Basti pensare a come il cosiddetto "pubblico" viene indotto a considerare gli attori cinematografici, gli atleti sportivi, gli eroi di libri o fumetti per giovani (tradotti immancabilmente in film), ma si pensi anche ai successi editoriali di Luciano de Crescenzo, tutti impostati sulla riscoperta per lo più in forma ironica dei miti classici, ma anche al modo stesso di fare politica che hanno taluni personaggi di governo, privi di riserve mentali quando si tratta di paragonarsi a "superman" o al "messia".

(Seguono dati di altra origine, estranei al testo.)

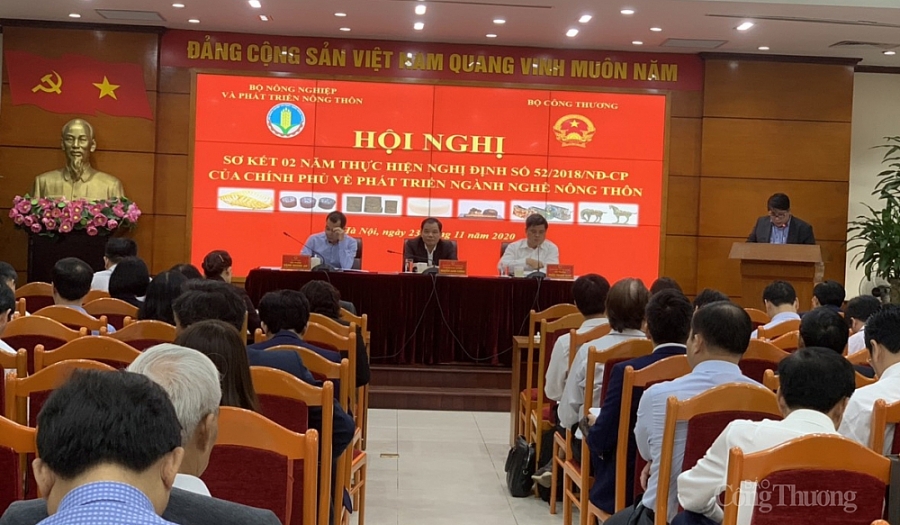 Tập trung cơ chế chính sách theo chuỗi giá trị phát triển ngành nghề kinh tế nông thôn 1358-toan-canh-hoi-nghi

La cosa strana è che per molti secoli la religione cristiana (sia essa cattolico-romana o protestante) ha creduto di poter ovviare alle "favole" del mondo pagano introducendo il realismo delle vite dei santi o la teologia della cosiddetta "vita trinitaria", schiere angeliche ivi annesse.

Ma è poi davvero strano questo? Ancora oggi il cristianesimo caratterizza, ideologicamente, tutta la civiltà occidentale, al punto che ci si rivolge tranquillamente a "dio", in occasione di guerre di conquista fatte passare per "missioni di pace", nella speranza di veder esaudite le proprie richieste coloniali o imperiali.

Oggi i governi occidentali usano il cristianesimo alla stessa stregua di come nell'antichità i potentati usavano il paganesimo, persino avvalendosi di forme e modi che il cristianesimo stesso, nei suoi tempi migliori, aveva recisamente condannato. E' come se la mancata realizzazione degli ideali cristiani abbia portato a un revival della mitologia classica, pur nel rispetto formale delle apparenze post-pagane.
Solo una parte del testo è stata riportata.